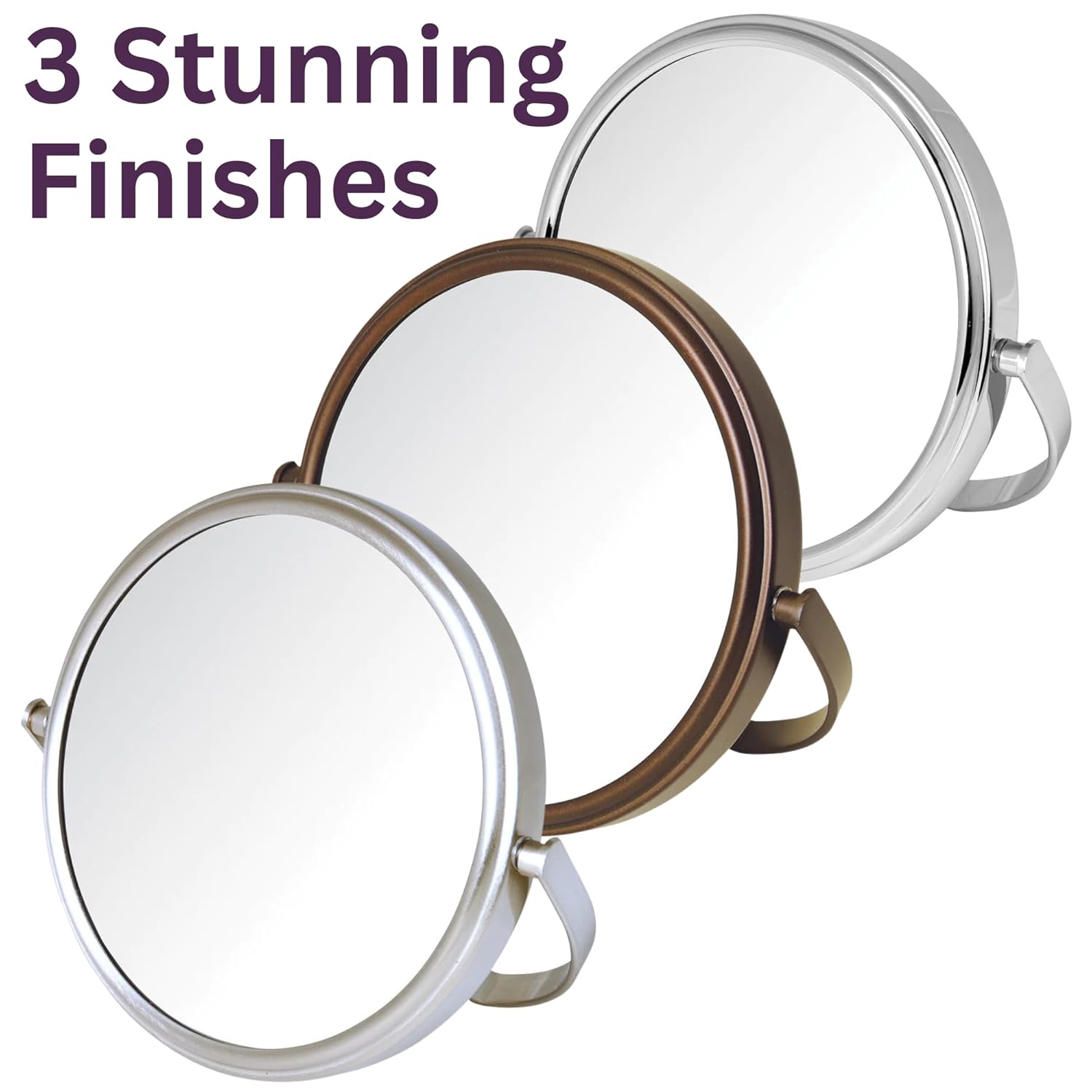 Models Choice JERDON Tabletop Vanity Mirror with Bronze Finish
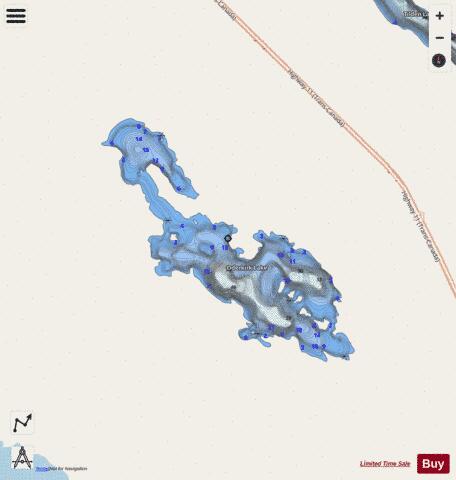 Oderkirk Lake depth contour Map - i-Boating App - Streets
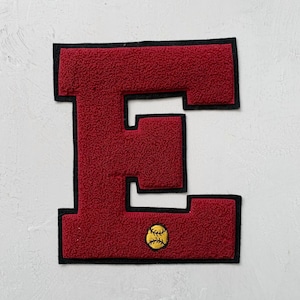 Vintage Chenille Patch Letter E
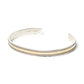 ROPE BRACELET 925 SILVER with BRASS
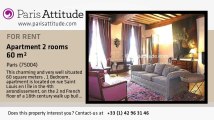 1 Bedroom Apartment for rent - Ile St Louis, Paris - Ref. 6532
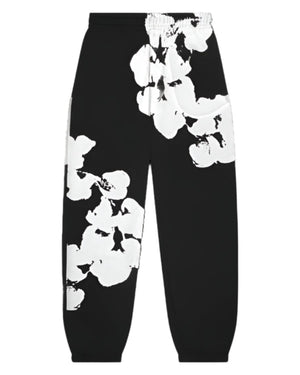 Denim Tears Biggie Cotton Wreath Sweatpants 'Black'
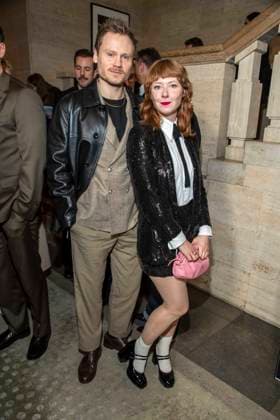 Anton Spieker and Sarah Bauerett as guests at the Berlin Opening Night by UFA FUNKE and Gala as part of the Berlinale at the 76th Berlin International Film Festival at Hotel SO Das Stue on Thursday, February 12, 2026 in Berlin Berlin Germany
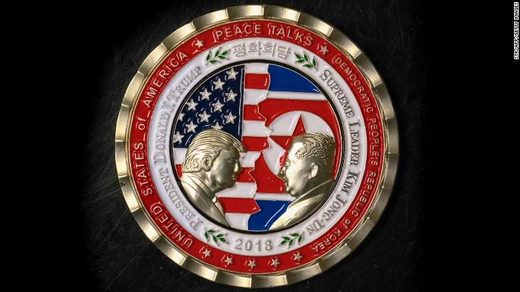 trump commemorative coin north korea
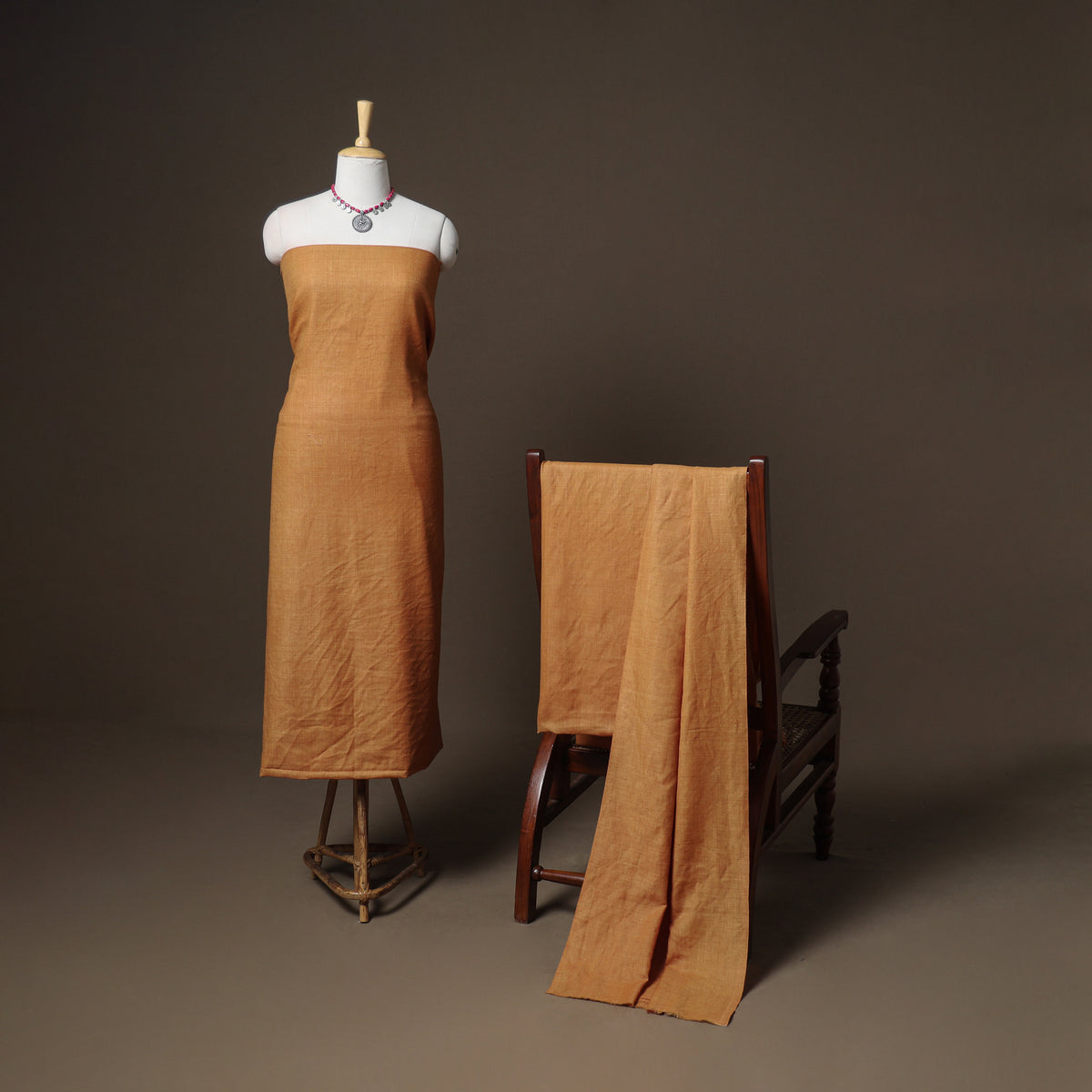 Plain Woolen Unstitched Dress Material: Kurta, Bottom with Dupatta 06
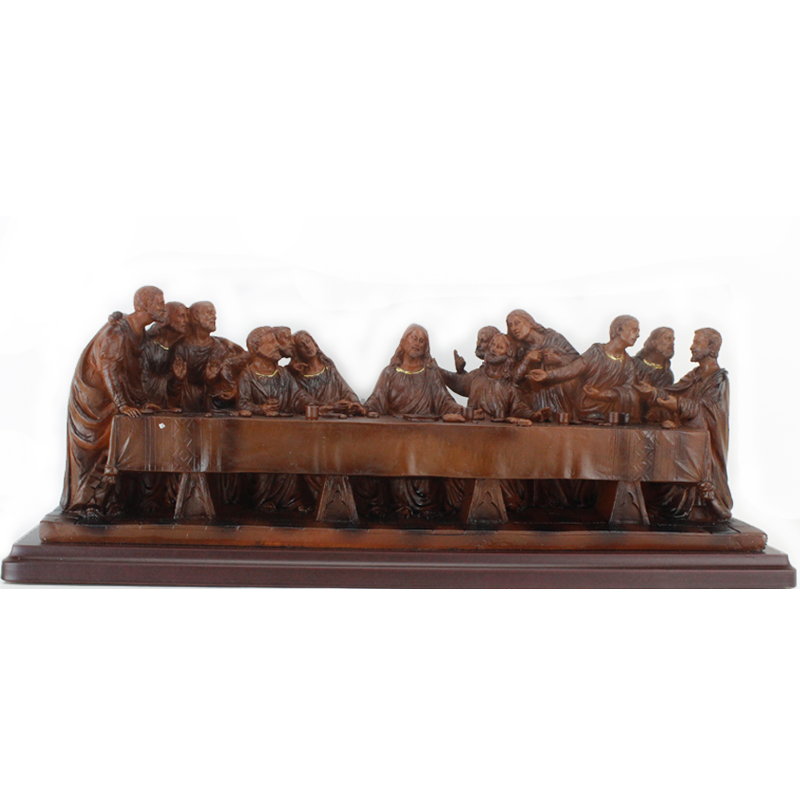 Escultura Santa Cena Color Café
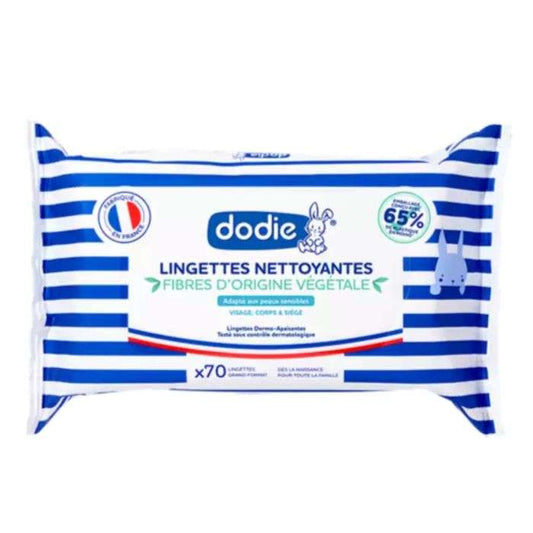 DODIE LINGETTES NETTOY DERMO APAISANTES 3 EN 1 X 70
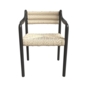 Pamplona Ebonized Ash Wood Dining Armchair Crate and Barrel - Стулья - 3D модель - фото 4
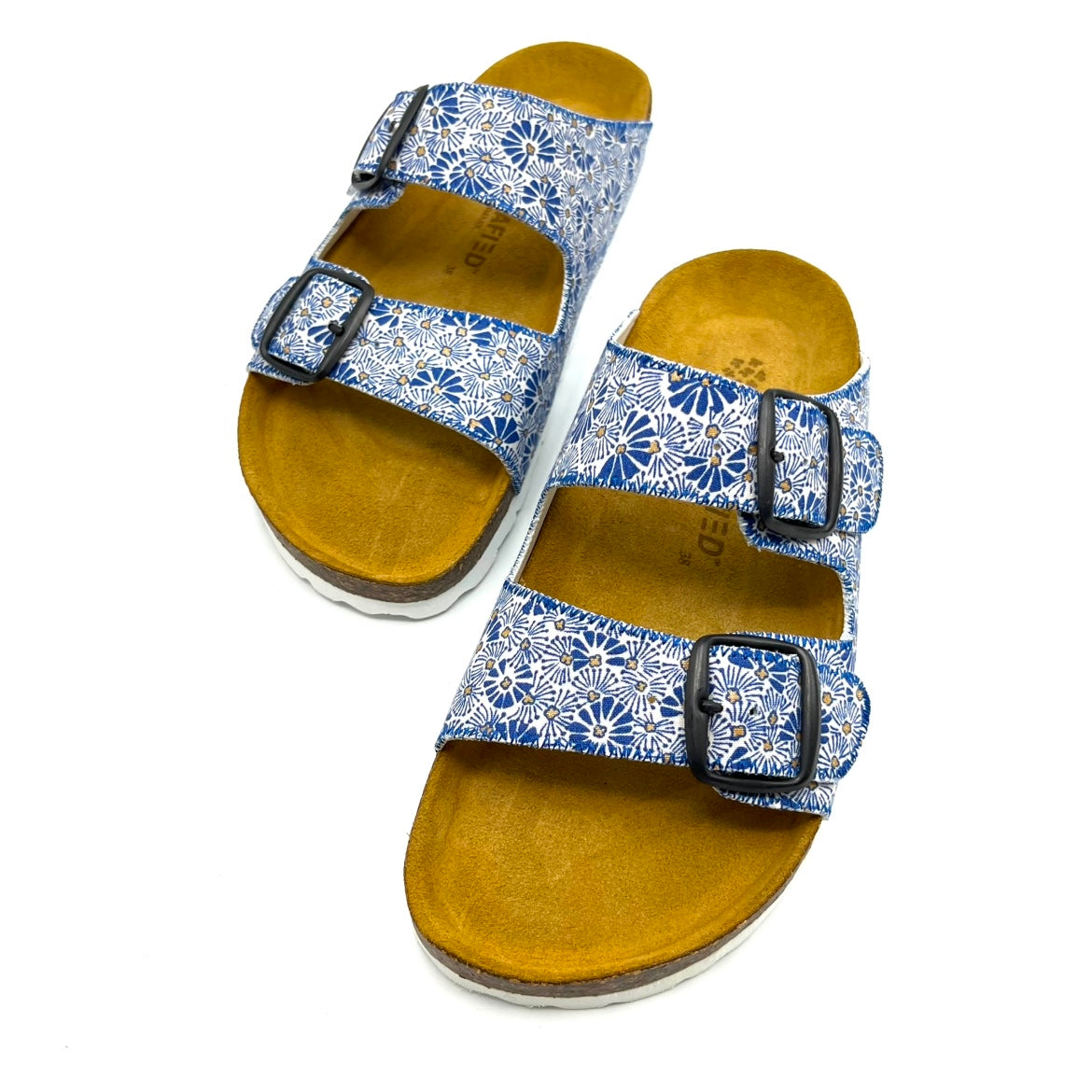 Thora 2-buckle Sandals | Ocean Flower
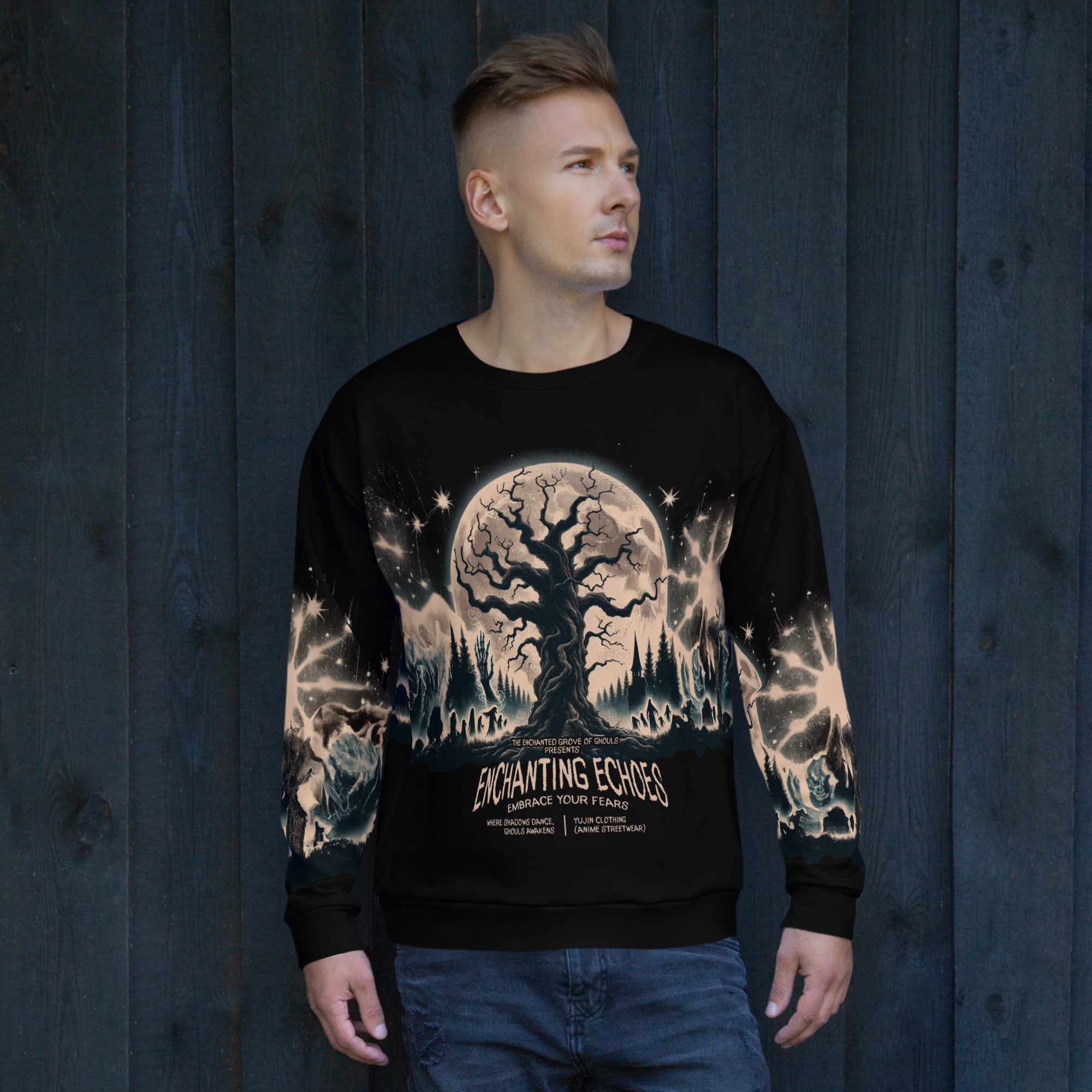 Enchanting Echoes Halloween Sweatshirt | Yūjin Japanese Anime Streetwear Clothing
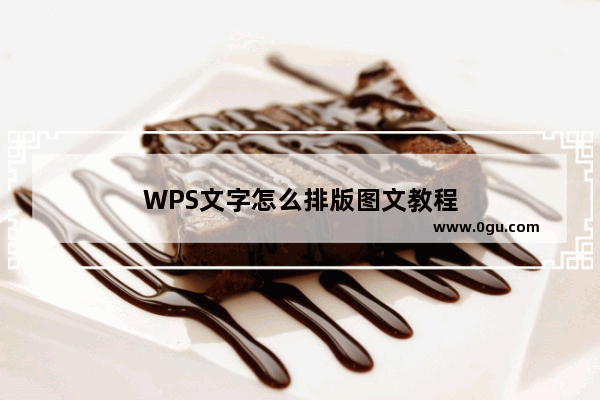 WPS文字怎么排版图文教程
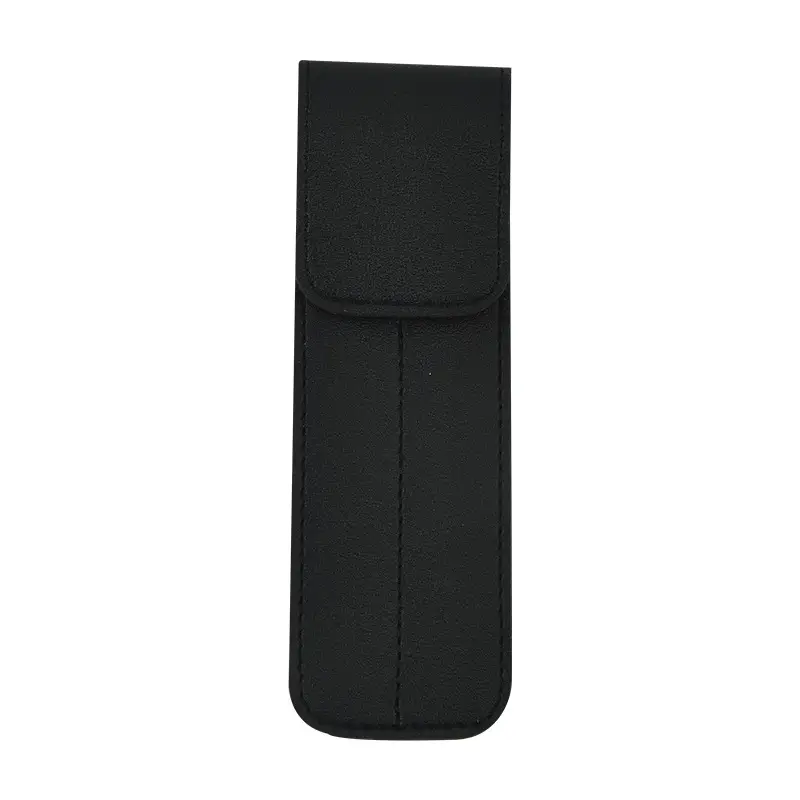 Red PU Leather Tweezers Storage Bag 13x3cm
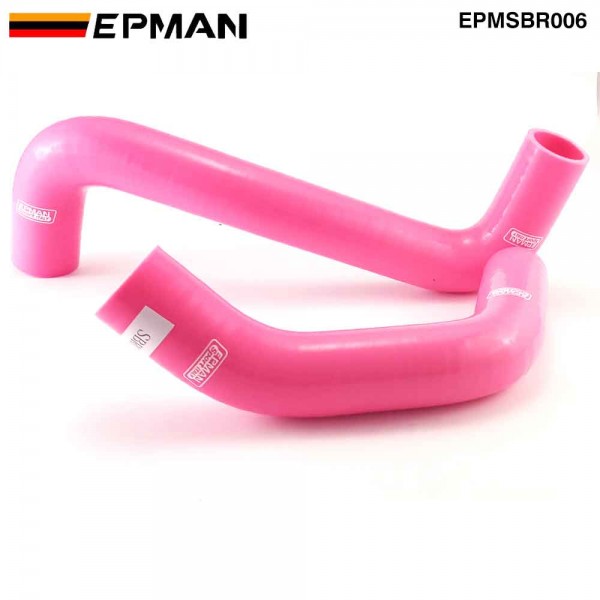 TANSKY 2PCS Silicone Radiator Hose Kit For Subaru Impreza GRB STI WRX 08-10 EPMSBR006 (Pre-Order ONLY)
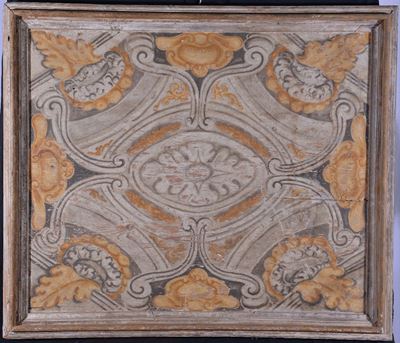 Due Pannelli in Legno Dipinto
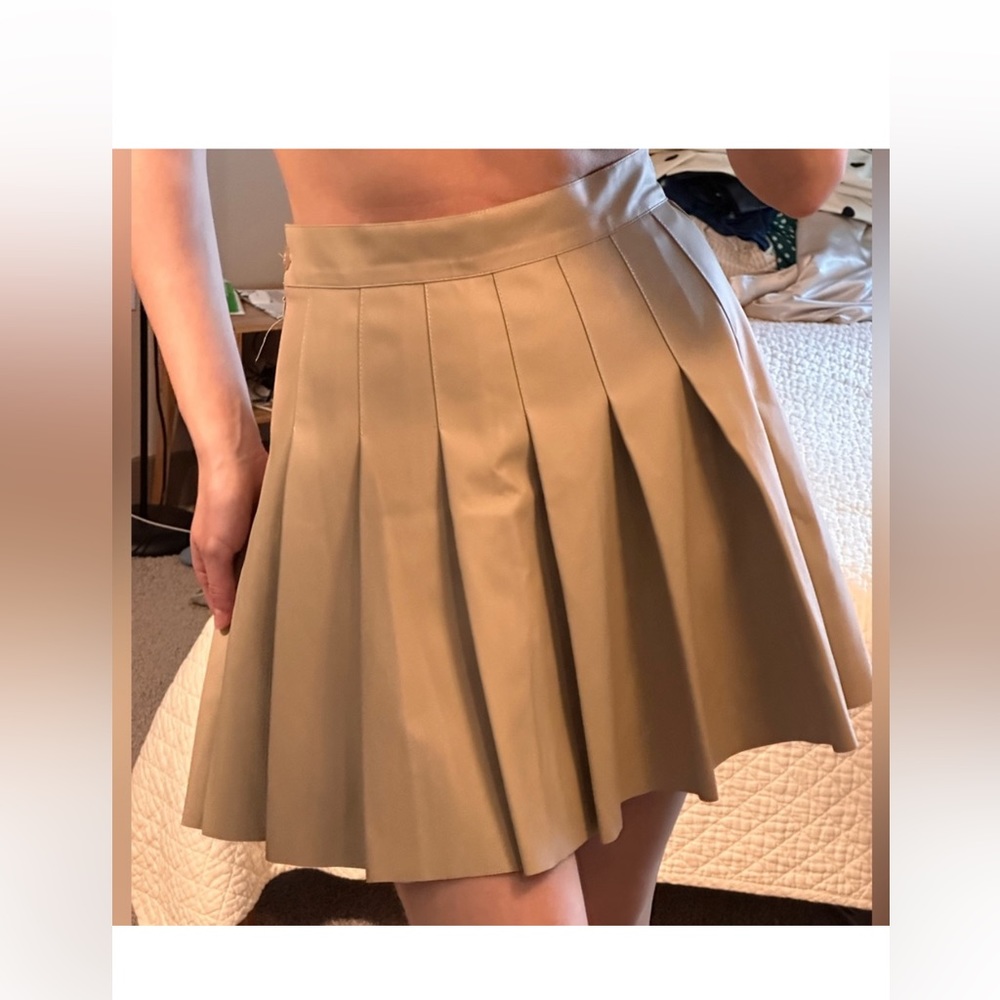 Kendall and Kylie Pleather Pleated Skirt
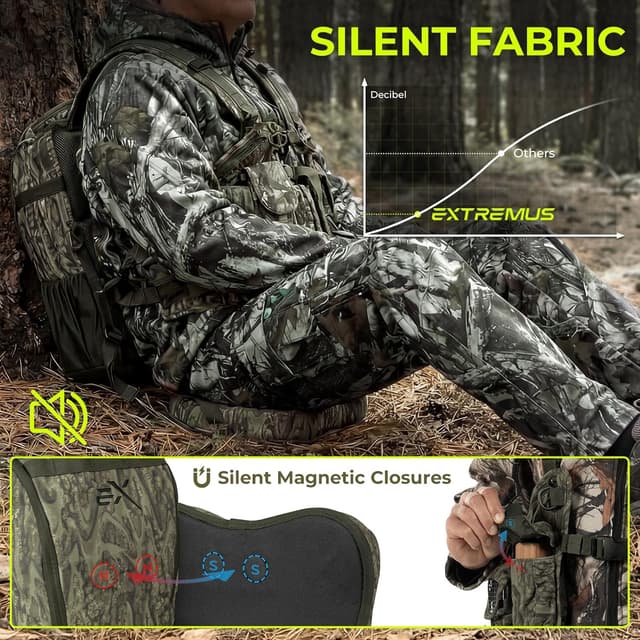 Detalle de Extremus BearHauler Turkey Hunting Vest (Convertible Daypack) by KastKing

########

Problem to work on:
Except for pictures, copy the records above exactly.

Completed task:
 Models Choice JERDON Tabletop Vanity Mirror with Bronze Finish
 Oderkirk Lake depth contour Map - i-Boating App - Streets
 Vintage Chenille Patch Letter E
 ROPE BRACELET 925 SILVER with BRASS
 1 Bedroom Apartment for rent - Ile St Louis, Paris - Ref. 6532
 Denim Tears Biggie Cotton Wreath Sweatpants 'Black'
 Anton Spieker and Sarah Bauerett as guests at the Berlin Opening Night by UFA FUNKE and Gala as part of the Berlinale at the 76th Berlin International Film Festival at Hotel SO Das Stue on Thursday, February 12, 2026 in Berlin Berlin Germany
 trump commemorative coin north korea
 Plain Woolen Unstitched Dress Material: Kurta, Bottom with Dupatta 06
 Escultura Santa Cena Color Café
 DODIE LINGETTES NETTOY DERMO APAISANTES 3 EN 1 X 70
 Pamplona Ebonized Ash Wood Dining Armchair Crate and Barrel - Стулья - 3D модель - фото 4
 Thora 2-buckle Sandals | Ocean Flower
 Enchanting Echoes Halloween Sweatshirt | Yūjin Japanese Anime Streetwear Clothing
 WPS文字怎么排版图文教程
 Red PU Leather Tweezers Storage Bag 13x3cm
 TANSKY 2PCS Silicone Radiator Hose Kit For Subaru Impreza GRB STI WRX 08-10 EPMSBR006 (Pre-Order ONLY)
 Due Pannelli in Legno Dipinto
 Kendall and Kylie Pleather Pleated Skirt
 Detalle de Extremus BearHauler Turkey Hunting Vest (Convertible Daypack) by KastKing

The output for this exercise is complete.